RECORDS PROVIDED:
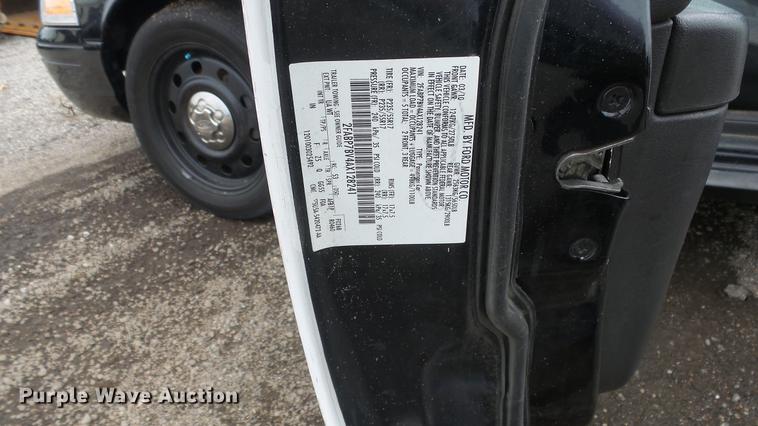 image for item DC1268 2010 Ford Crown Victoria Police Interceptor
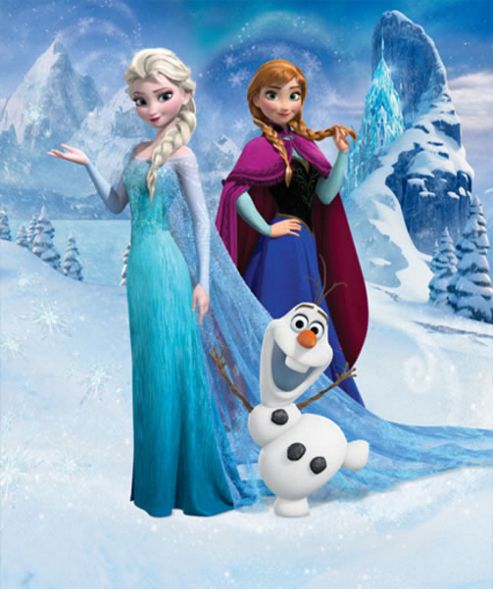 Image of Disneys Frozen Bedroom Wall Mural From Walltastic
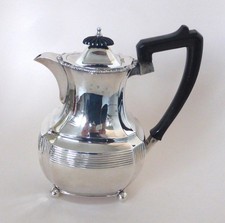 Art Deco - dzbanek do kawy z Anglii (Silver Plate)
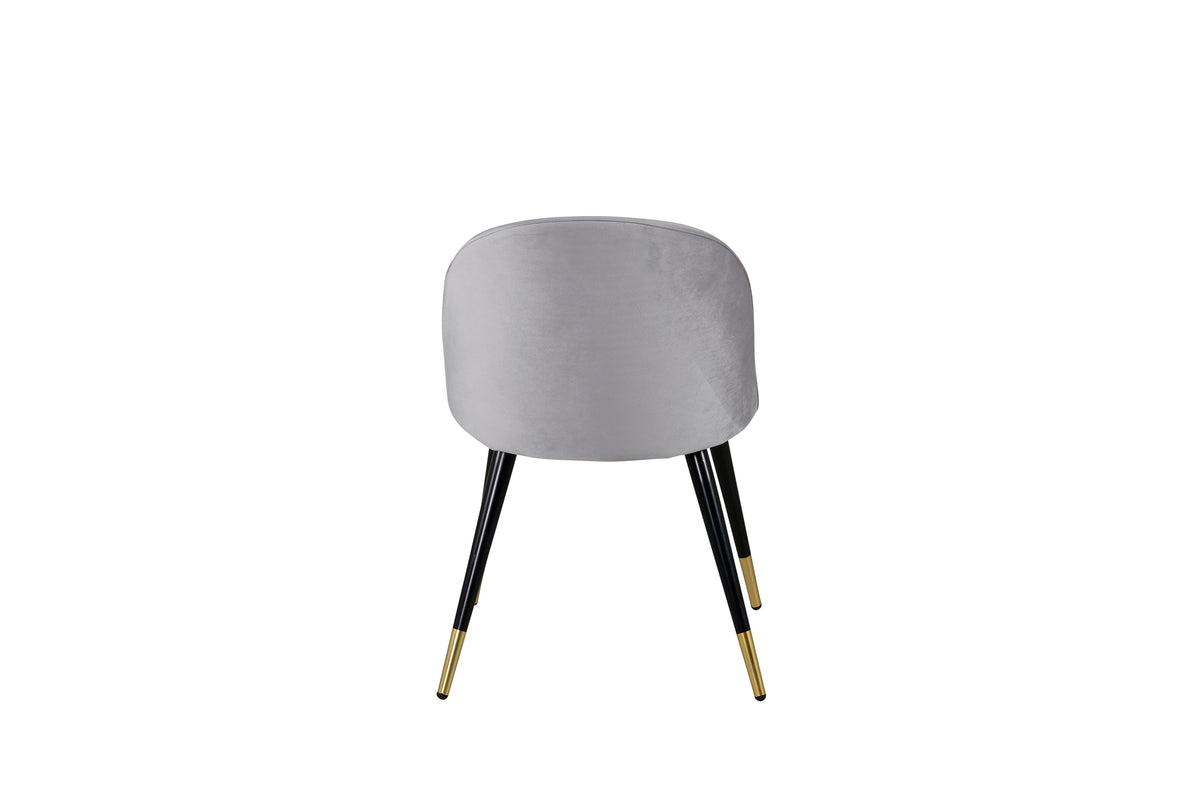 Venture Design Velvet Matstolar 2-pack Grå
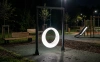 Пергола "Гера" со светящимися LED качелями 360° White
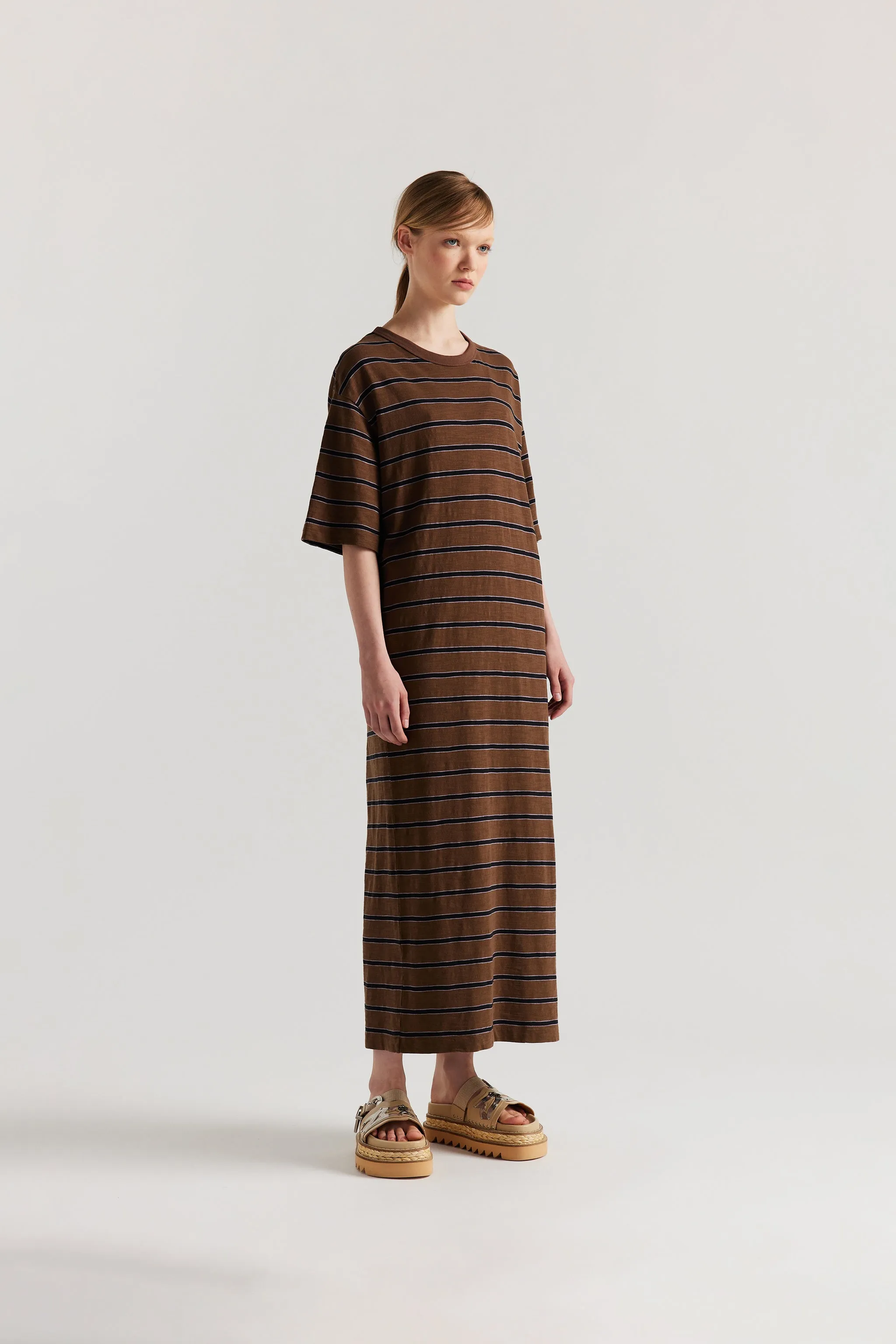 Fidelity Dress Brown/Black/Lilac Stripe sold by Kloke product image thumbnail 2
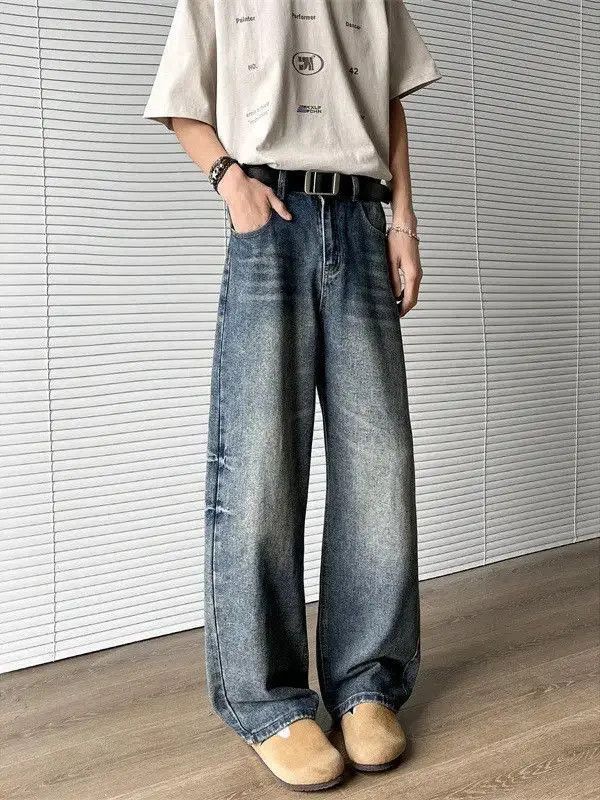 Japanese Brand Retro loose wide leg slightly flared jeans Size US 32 / EU 48 - 3 Thumbnail
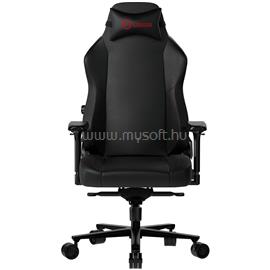 LORGAR Embrace 533, Gaming chair, PU eco-leather, 1.8 mm metal frame, multiblock mechanism, 4D armrests, 5 Star aluminium base, Class-4 gas lift, 75mm PU casters, Black LRG-CHR533B small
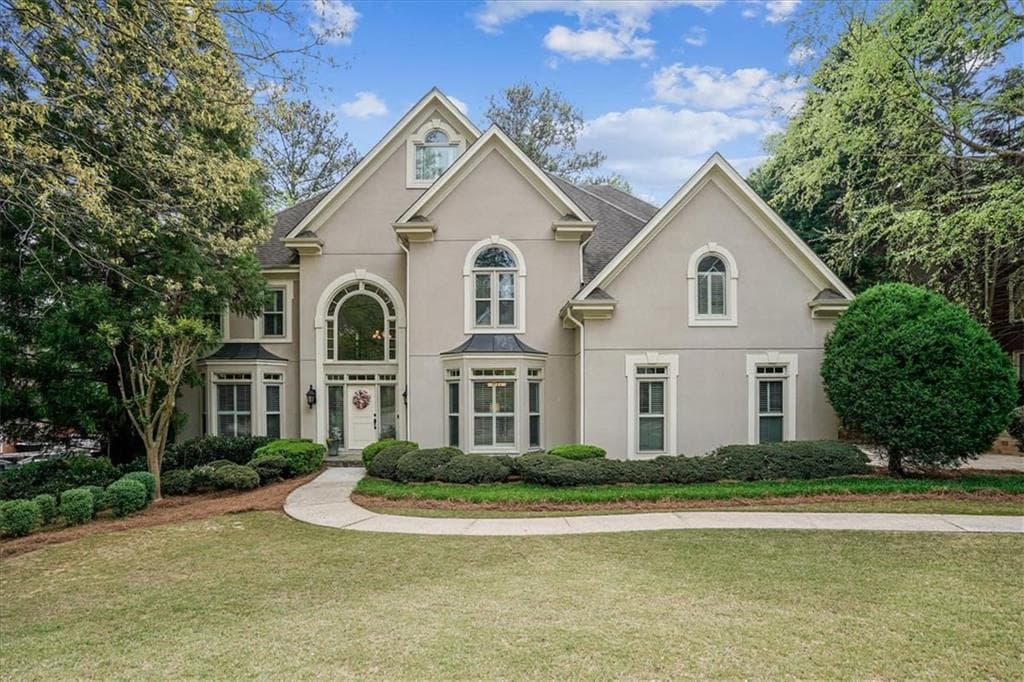 5 bedroom, 6 bathroom, 5,953 sq ft single family residence sold at 545 KEARNY Street, Alpharetta, GA 30022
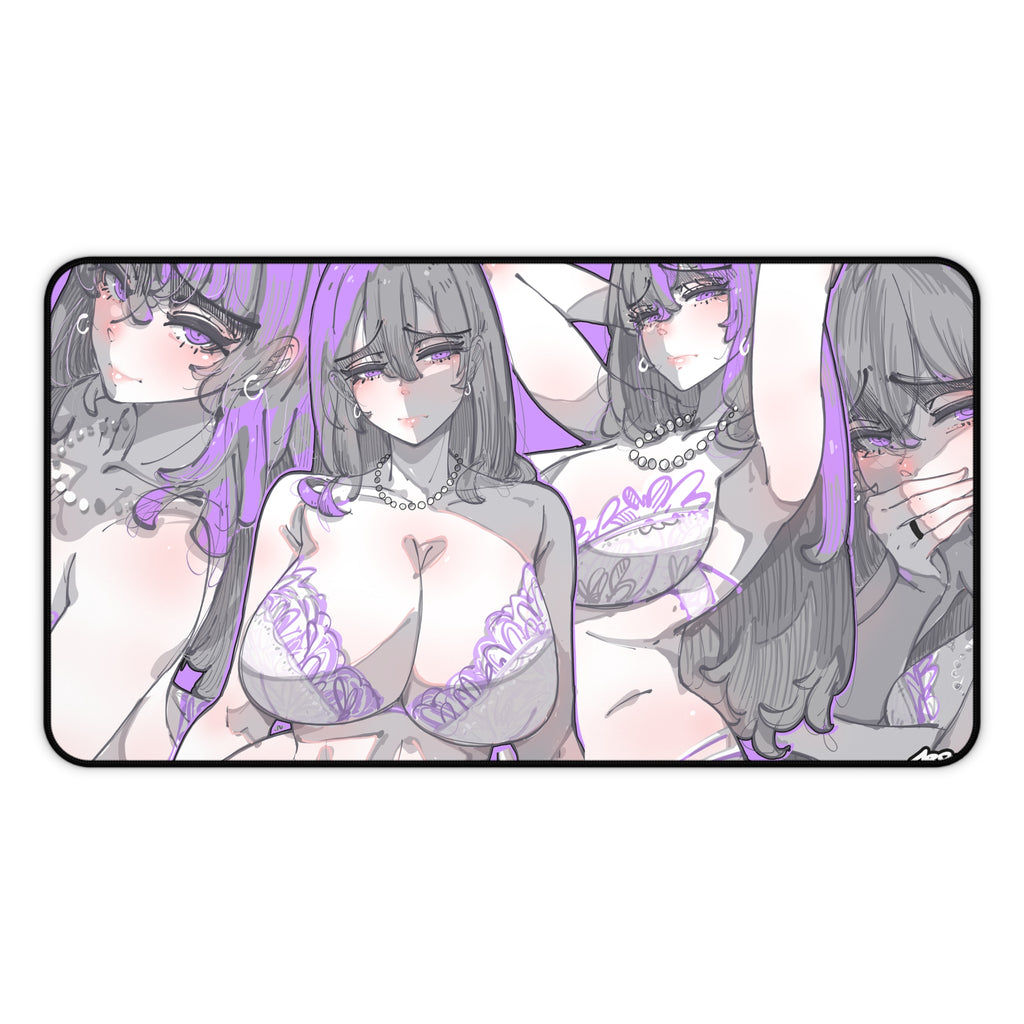 3234 - 紫壁纸 / purple wallpaper v2 Desk Mat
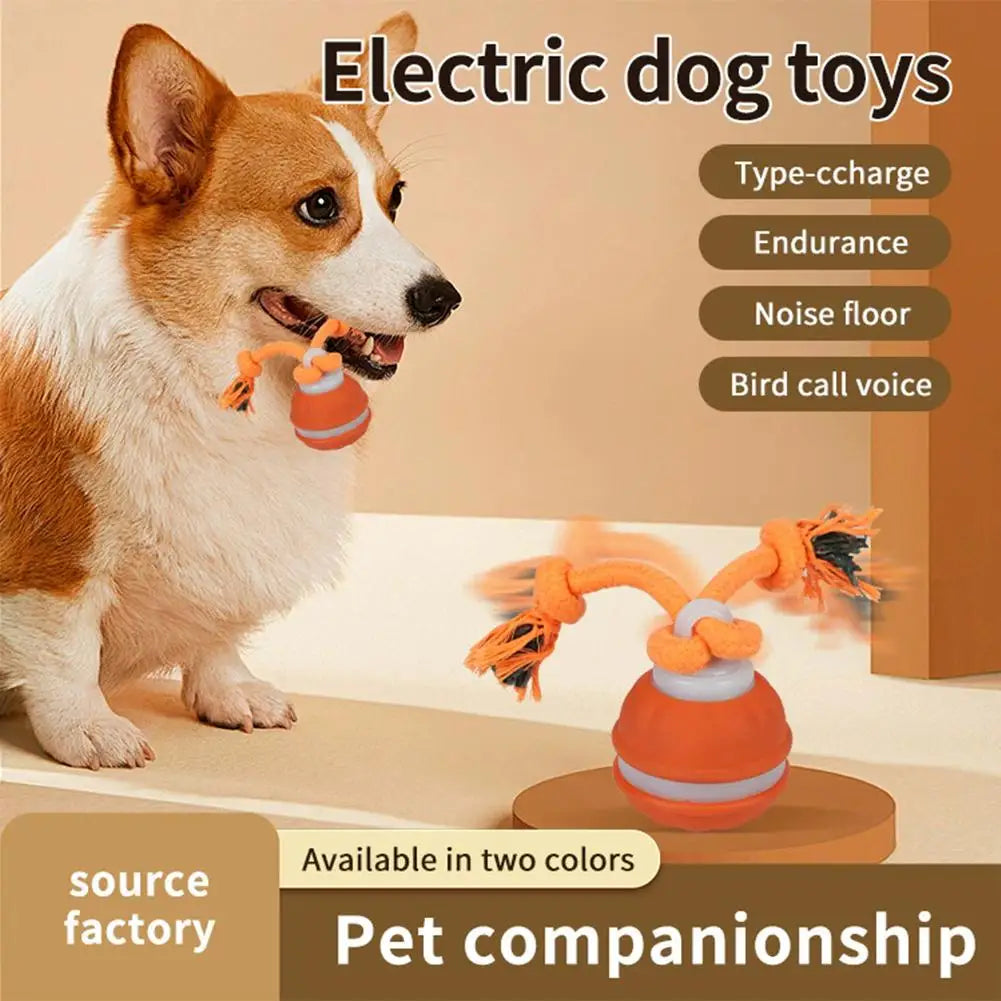 Pelota Inteligente con Cuerda para Mascotas | Juguete Interactivo Automático para Perros, Gatos y Cachorros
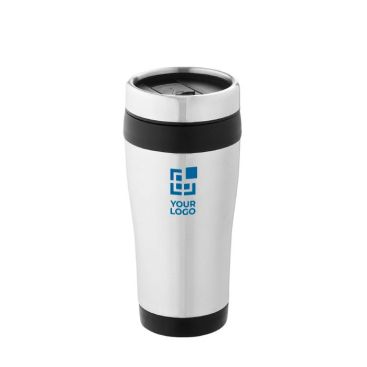 Mug isotherme publicitaire bicolore couleur noir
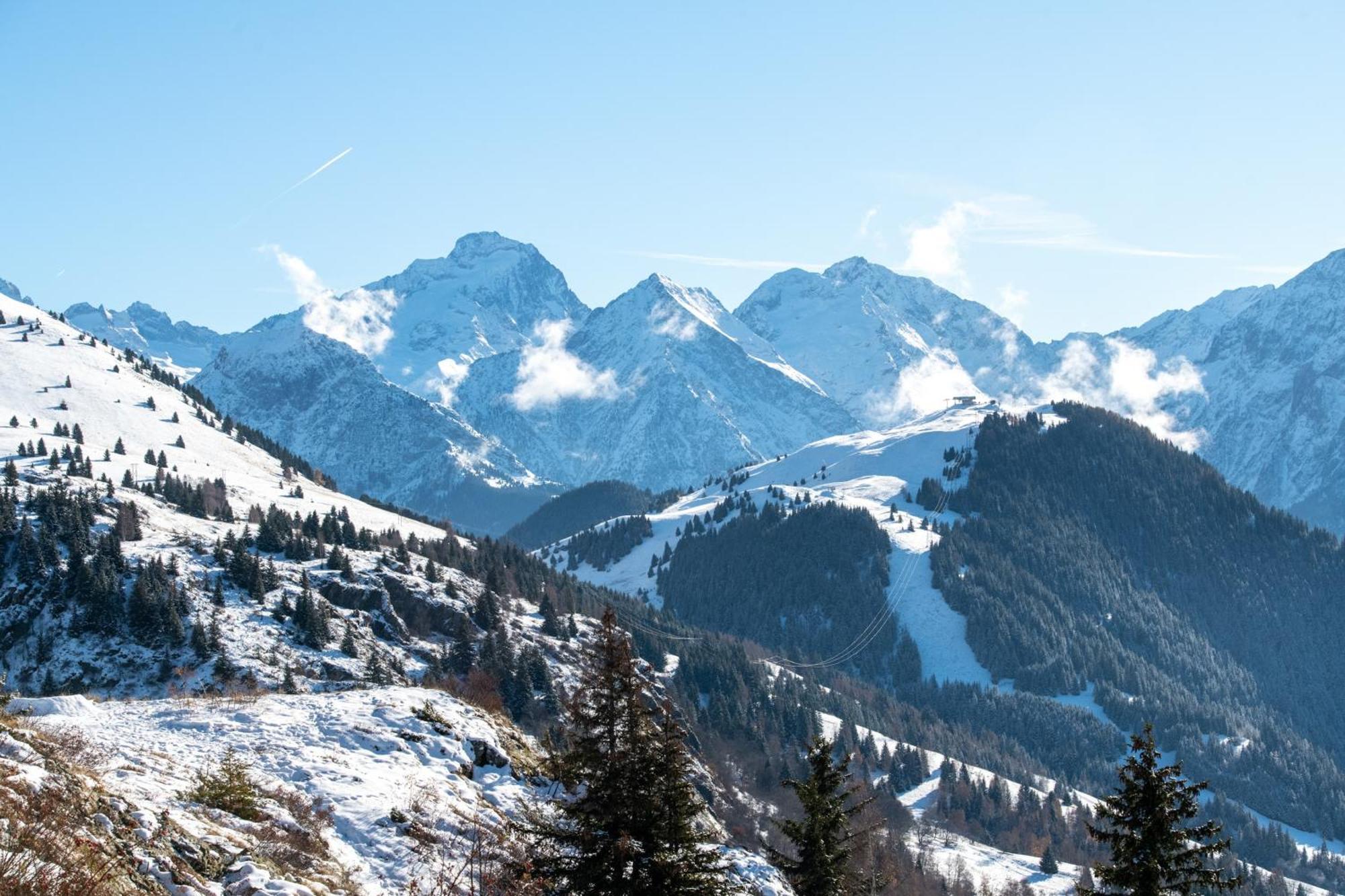 Appartement Confortable A L'Alpe D'Huez De 27 M² Avec Vue Montagne Exteriör bild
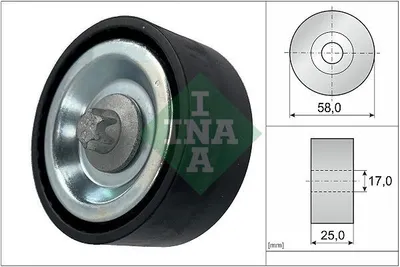 Produktbild von INA 532 0669 10 Umlenkrolle Keilrippenriemen passend für MERCEDES-BENZ A-Klasse (W169) B-Klasse (W245)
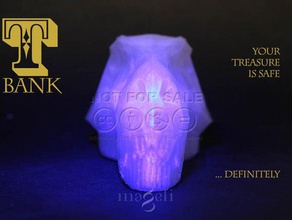 t-bank containers crystal piggy bank skull trexremix 3d print model - Mito3D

TASK REQUIREMENTS: Both boundary lines included, write out word for word only the lines above from the one containing "LORGAR Embrace 533, Gaming" to the one containing "Pelota Inteligente con", leaving out any pictures.

RESULT:
 LORGAR Embrace 533, Gaming chair, PU eco-leather, 1.8 mm metal frame, multiblock mechanism, 4D armrests, 5 Star aluminium base, Class-4 gas lift, 75mm PU casters, Black LRG-CHR533B small
 5 bedroom, 6 bathroom, 5,953 sq ft single family residence sold at 545 KEARNY Street, Alpharetta, GA 30022
 3234 - 紫壁纸 / purple wallpaper v2 Desk Mat
 Pelota Inteligente con Cuerda para Mascotas | Juguete Interactivo Automático para Perros, Gatos y Cachorros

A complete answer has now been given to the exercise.